__Dataset__:
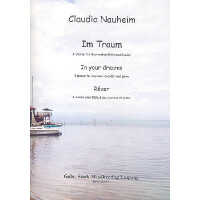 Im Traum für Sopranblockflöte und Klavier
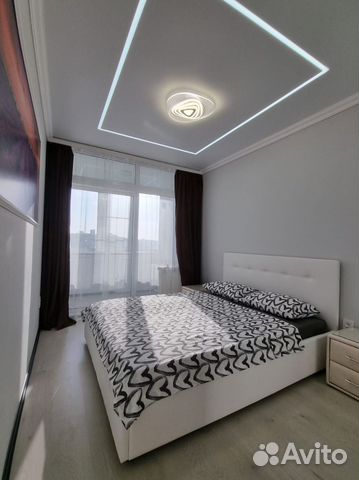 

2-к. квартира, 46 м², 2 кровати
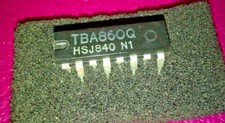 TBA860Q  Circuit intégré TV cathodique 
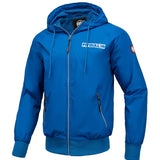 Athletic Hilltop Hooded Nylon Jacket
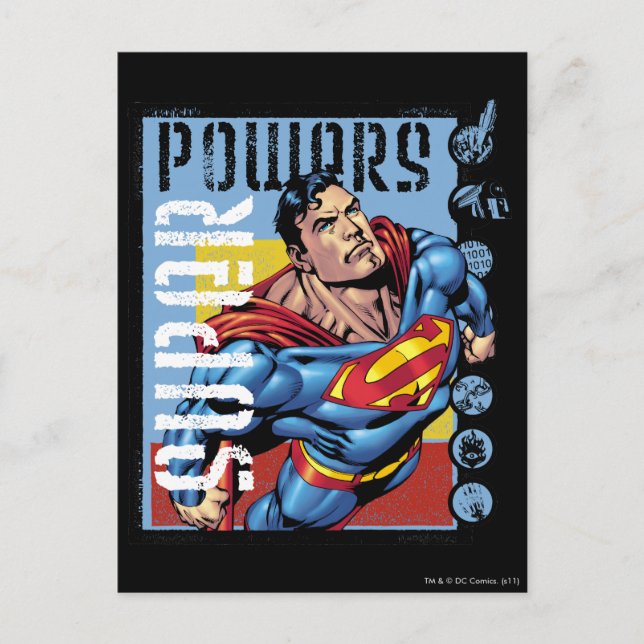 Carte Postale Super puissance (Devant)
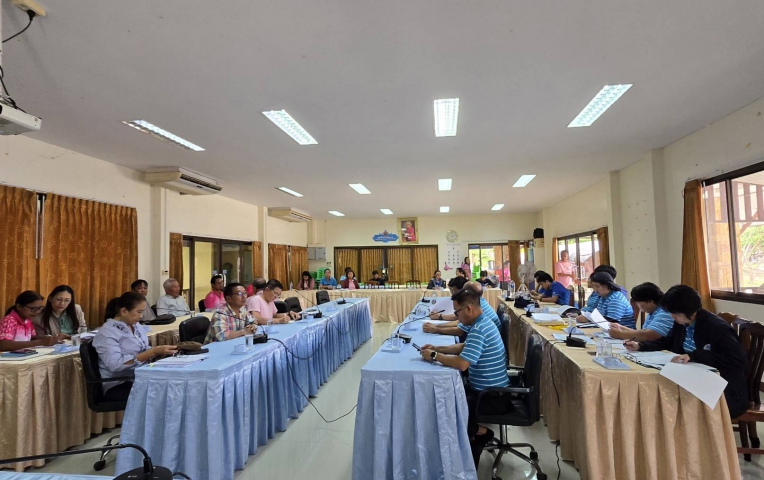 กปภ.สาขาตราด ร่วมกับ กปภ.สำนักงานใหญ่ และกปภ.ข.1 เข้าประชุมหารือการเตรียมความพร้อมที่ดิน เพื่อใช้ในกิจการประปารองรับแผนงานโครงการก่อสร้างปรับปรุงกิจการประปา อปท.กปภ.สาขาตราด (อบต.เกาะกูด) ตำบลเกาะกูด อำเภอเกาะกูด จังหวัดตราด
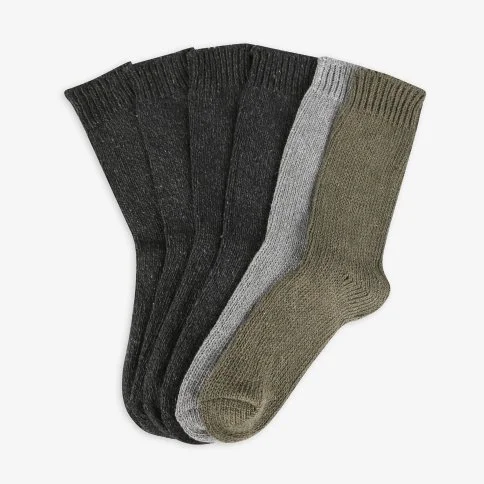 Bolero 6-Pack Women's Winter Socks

...

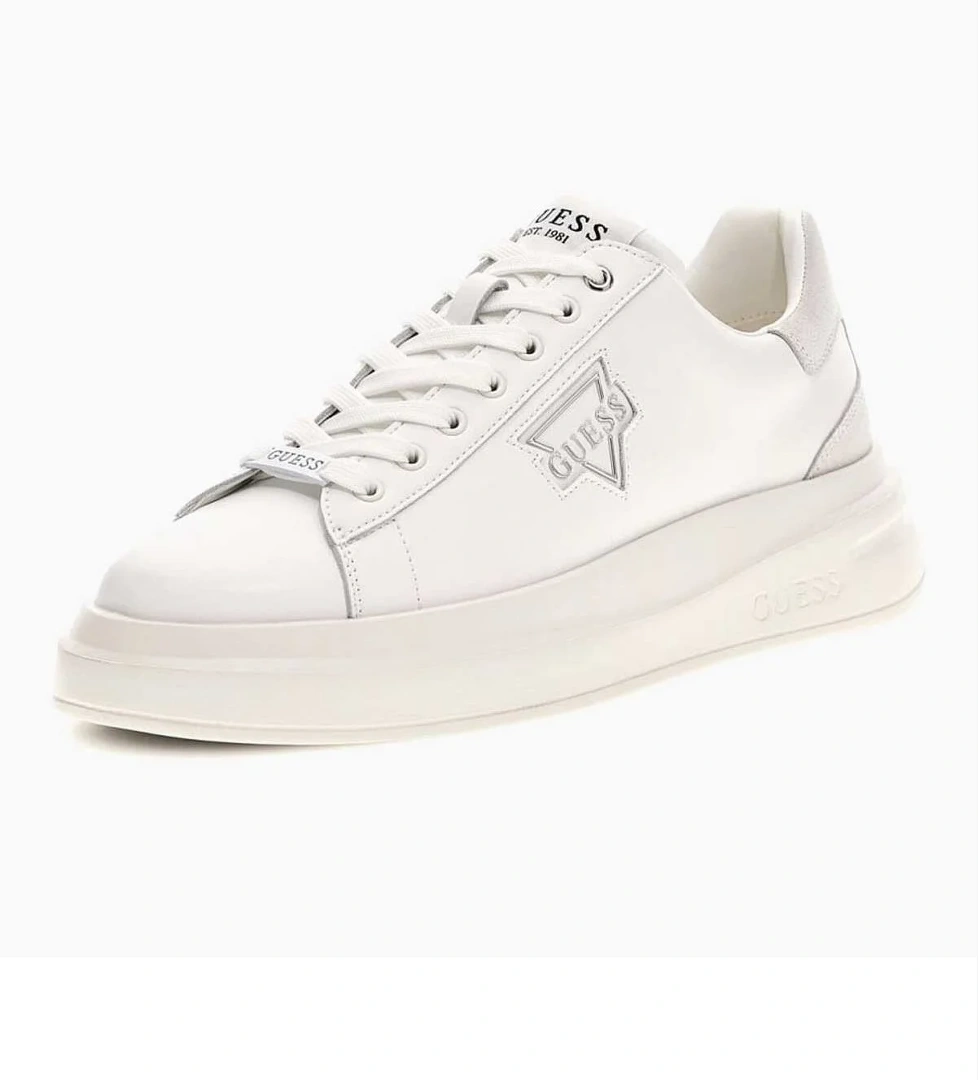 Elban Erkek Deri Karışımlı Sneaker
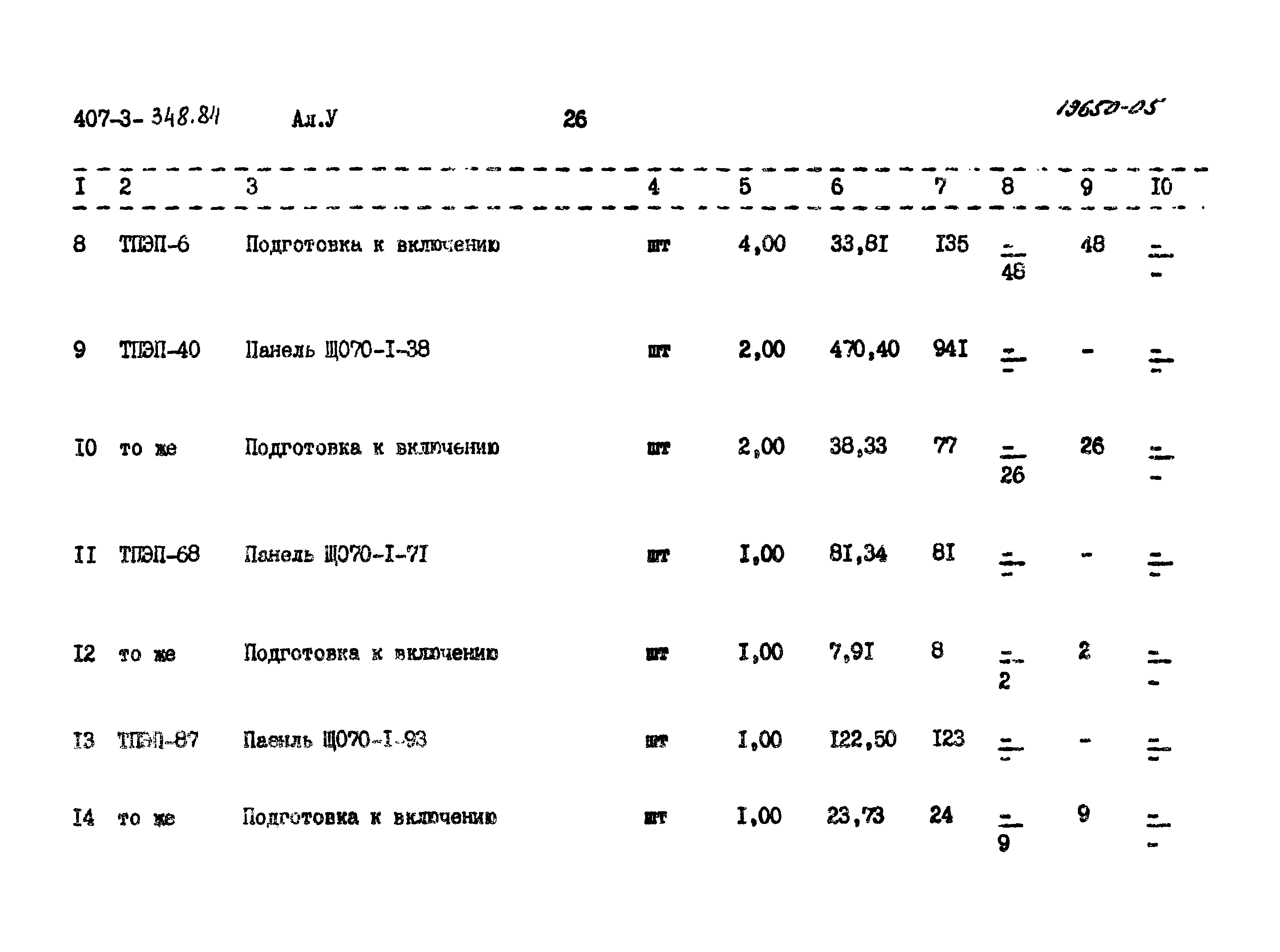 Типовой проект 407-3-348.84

---

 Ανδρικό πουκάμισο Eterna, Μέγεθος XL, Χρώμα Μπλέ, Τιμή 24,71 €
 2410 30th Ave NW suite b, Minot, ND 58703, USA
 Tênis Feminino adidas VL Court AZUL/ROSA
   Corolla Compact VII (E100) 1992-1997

__Exercise prompt__: Copy out the lines above from the line containing "intégré TV cathodique" through the line containing "Carte Postale Super puissance (Devant)", exactly, and keep the pictures out.

__Written answer__:
 TBA860Q  Circuit intégré TV cathodique 
 Athletic Hilltop Hooded Nylon Jacket
 Carte Postale Super puissance (Devant)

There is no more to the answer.